Repository files navigation

eyecite-ts

CI codecov npm version npm bundle size License: MIT Node.js TypeScript Zero Dependencies

TypeScript legal citation extraction — a port of Python eyecite with extended capabilities.

Extract structured data from legal citations in court opinions, briefs, and legal documents. A citation like 500 F.2d 123 (9th Cir. 2020) encodes a volume (500), reporter (Federal Reporter, 2nd Series), page (123), court (Ninth Circuit), and year. This library parses all of that into typed objects, resolves short-form references like "Id." back to their antecedents, and can annotate the original text with HTML markup. Zero runtime dependencies, browser-compatible, ~20 KB brotli.

Installation

npm install eyecite-ts

Quick Start

A complete extract → resolve → annotate workflow:

import { extractCitations } from "eyecite-ts"
import { annotate } from "eyecite-ts/annotate"

const text = `In Smith v. Jones, 500 F.2d 123 (9th Cir. 2020), the court
applied 42 U.S.C. § 1983. Id. at 130. See also 123 Harv. L. Rev. 456 (2019).`

// Step 1: Extract and resolve in one call
const citations = extractCitations(text, { resolve: true })

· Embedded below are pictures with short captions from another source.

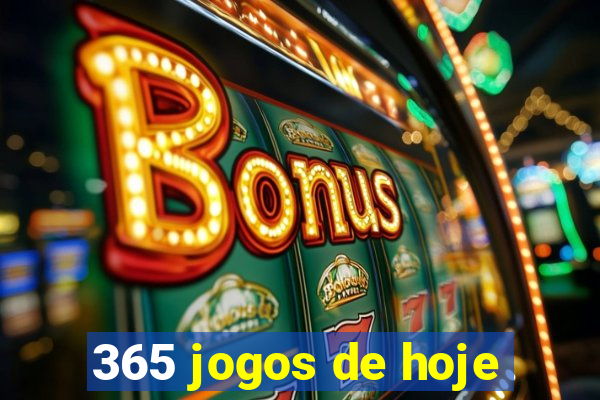 365 jogos de hoje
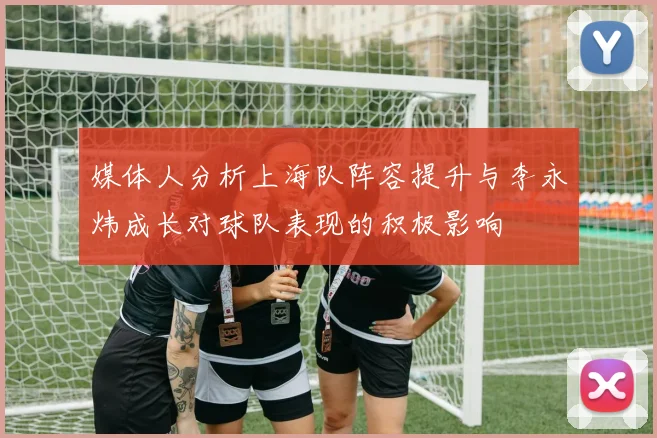 媒体人分析上海队阵容提升与李永炜成长对球队表现的积极影响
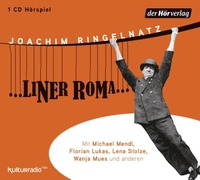 Cover: Joachim Ringelnatz. ...liner Roma...  - Hörspiel. 1 CD. DHV - Der Hörverlag, München, 2016.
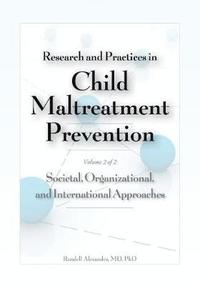 bokomslag Research and Practices in Child Maltreatment Prevention Volume 2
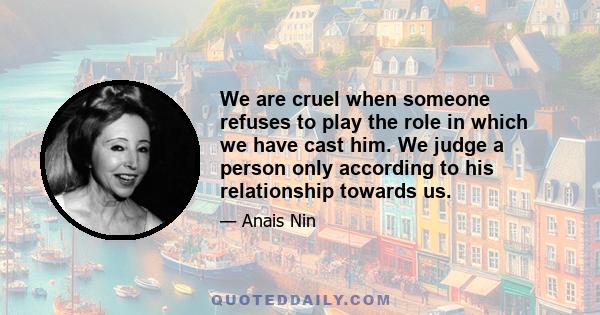 We are cruel when someone refuses to play the role in which we have cast him. We judge a person only according to his relationship towards us.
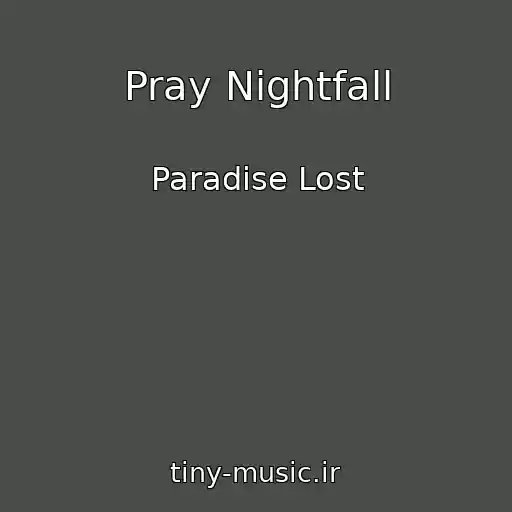 کاور آهنگ Pray Nightfall از Paradise Lost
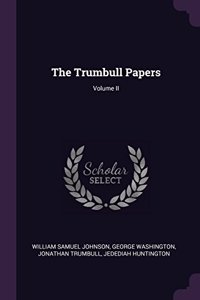 Trumbull Papers; Volume II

// Step 2: Inspect results
for (const cite of citations) {
  switch (cite.type) {
    case "case":
      console.log(cite.caseName, cite.reporter, cite.year)
      // "Smith v. Jones" "F.2d" 2020
      break
    case "statute":
      console.log(cite.title, cite.code, cite.section)
      // 42 "U.S.C." "1983"
      break
    case "id":
      console.log("Id. resolves to index", cite.resolution?.resolvedTo)
      // Id. resolves to index 0
      break
    case "journal":
      console.log(cite.journal, cite.volume, cite.page)
      // "Harv. L. Rev." 123 456
      break
  }
}

// Step 3: Annotate the original text
const result = annotate(text, citations, {
  template: { before: '<cite>', after: '</cite>' },
})
console.log(result.text)

What It Extracts

Type Example Key Fields
case 500 F.2d 123 (9th Cir. 2020) volume, reporter, page, court, year, caseName
statute 42 U.S.C. § 1983(a)(1) title, code, section, subsection, jurisdiction
constitutional U.S. Const. amend. XIV, § 1 jurisdiction, amendment, section, clause
journal 123 Harv. L. Rev. 456 volume, journal, page, year
neutral 2020 WL 123456 year, court, documentNumber
publicLaw Pub. L. No. 117-263 congress, lawNumber
federalRegister 87 Fed. Reg. 1234 volume, page, year
statutesAtLarge 136 Stat. 4459 volume, page, year
id Id. at 125 pincite
supra Smith, supra, at 130 partyName, pincite
shortFormCase 500 F.2d at 140 volume, reporter, pincite

Statute coverage spans 52 jurisdictions (50 states + DC + federal). See the Advanced Extraction Guide for jurisdiction details.

Key Features

Case Names & Full Spans

The library backward-searches for party names and tracks full citation boundaries:

const text = "In Smith v. Jones, 500 F.2d 123 (9th Cir. 2020) (en banc), the court held..."
const [cite] = extractCitations(text)

if (cite.type === "case") {
  cite.caseName   // "Smith v. Jones"
  cite.plaintiff  // "Smith"
  cite.defendant  // "Jones"
  cite.disposition // "en banc"
  cite.span       // covers "500 F.2d 123" (citation core)
  cite.fullSpan   // covers "Smith v. Jones, 500 F.2d 123 (9th Cir. 2020) (en banc)"
}

Procedural prefixes like In re, Ex parte, and Matter of are recognized automatically.

Parallel Citations

When multiple reporters cite the same case (common in older Supreme Court opinions), the library groups them automatically:

const text = "See 410 U.S. 113, 93 S. Ct. 705, 35 L. Ed. 2d 147 (1973)."
const citations = extractCitations(text)

citations[0].groupId // "410-U.S.-113"
citations[1].groupId // "410-U.S.-113" (same group)
citations[2].groupId // "410-U.S.-113" (same group)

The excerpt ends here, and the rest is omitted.